Thinnect has invested together with Tallinn University of Technology over one million euro in developing next generation artificial intelligence sensor technologies, which are applied to make cities smarter and to monitor critical infrastructure. In the scope of the two year project, Thinnect engineers, together with researchers from Tallinn University of Technology developed AI algorithms trained using Machine Learning, which are for example able to detect noise types in an urban environment, classify vehicles and assess air quality. The algorithms and methods crated during the project can determine noise sources in an urban environment and monitor traffic density on individual streets. Additionally the technology can be used to detect a potential threat to critical infrastructure – electric substations by detecting electric corona discharge, which indicates a potential fault in the substation.
During the two years Artificial Intelligence capability was created within Thinnect in collaboration between researchers from Tallinn University of Technology and Thinnect engineers. This increases the value of Thinnect sensors and broadens the application areas for the sensors. Thinnect engineers obtained valuable skills in applying machine learning methods to train neural networks and in applying the neural networks on sensors based on microcontrollers.

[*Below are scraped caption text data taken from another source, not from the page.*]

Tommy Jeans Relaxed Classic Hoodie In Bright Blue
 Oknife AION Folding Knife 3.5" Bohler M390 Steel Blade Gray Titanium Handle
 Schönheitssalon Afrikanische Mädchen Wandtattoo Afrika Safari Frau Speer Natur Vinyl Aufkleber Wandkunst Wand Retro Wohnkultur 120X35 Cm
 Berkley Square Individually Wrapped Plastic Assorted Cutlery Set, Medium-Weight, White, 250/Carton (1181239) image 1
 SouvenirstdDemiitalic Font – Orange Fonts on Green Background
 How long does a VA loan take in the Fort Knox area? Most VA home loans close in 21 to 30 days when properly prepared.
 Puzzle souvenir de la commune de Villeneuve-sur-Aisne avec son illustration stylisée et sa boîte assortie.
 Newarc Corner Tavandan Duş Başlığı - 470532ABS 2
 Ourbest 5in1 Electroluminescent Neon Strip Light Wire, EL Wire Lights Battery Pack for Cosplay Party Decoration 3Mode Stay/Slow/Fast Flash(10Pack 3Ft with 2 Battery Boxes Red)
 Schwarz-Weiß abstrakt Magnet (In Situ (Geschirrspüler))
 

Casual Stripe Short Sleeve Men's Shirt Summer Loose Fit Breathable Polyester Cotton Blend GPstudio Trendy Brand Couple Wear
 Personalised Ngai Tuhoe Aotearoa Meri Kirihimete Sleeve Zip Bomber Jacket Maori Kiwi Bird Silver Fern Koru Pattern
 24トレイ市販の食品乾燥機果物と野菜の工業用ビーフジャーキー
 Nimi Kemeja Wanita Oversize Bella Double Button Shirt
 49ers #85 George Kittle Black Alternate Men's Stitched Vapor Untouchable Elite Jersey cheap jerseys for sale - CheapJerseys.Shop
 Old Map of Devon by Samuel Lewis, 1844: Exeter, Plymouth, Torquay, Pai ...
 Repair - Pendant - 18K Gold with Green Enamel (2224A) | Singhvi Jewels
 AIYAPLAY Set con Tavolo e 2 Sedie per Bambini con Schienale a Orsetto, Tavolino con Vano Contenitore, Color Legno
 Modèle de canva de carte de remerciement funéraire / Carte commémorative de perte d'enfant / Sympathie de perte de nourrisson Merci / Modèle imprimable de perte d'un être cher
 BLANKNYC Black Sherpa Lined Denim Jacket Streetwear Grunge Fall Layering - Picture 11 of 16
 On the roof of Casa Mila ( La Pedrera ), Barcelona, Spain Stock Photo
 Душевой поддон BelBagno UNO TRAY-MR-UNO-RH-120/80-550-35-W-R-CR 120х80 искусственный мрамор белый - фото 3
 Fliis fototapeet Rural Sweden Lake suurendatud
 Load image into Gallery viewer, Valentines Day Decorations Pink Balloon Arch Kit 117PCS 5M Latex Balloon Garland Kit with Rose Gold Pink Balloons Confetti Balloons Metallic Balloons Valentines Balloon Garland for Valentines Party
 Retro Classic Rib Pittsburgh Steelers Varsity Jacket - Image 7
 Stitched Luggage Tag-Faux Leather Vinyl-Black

One of the important results of the collaboration was that the sensors are low-power, which in combination with Thinnect wireless communication technology, enables to create very energy efficient sensors, which can be battery powered.
Thinnect plans to apply the newly created technology in new products, which can, using Artificial Intelligence, provide more valuable information to local municipalities and help critical infrastructure operators to ensure safe operation of the infrastructure. In addition to these applications the technology can be also applied to building monitoring and control.
The technology development and collaboration project was partially funded by the Smart Specialization applied research grant funded by the European Union European Regional Development Fund via Archimedes.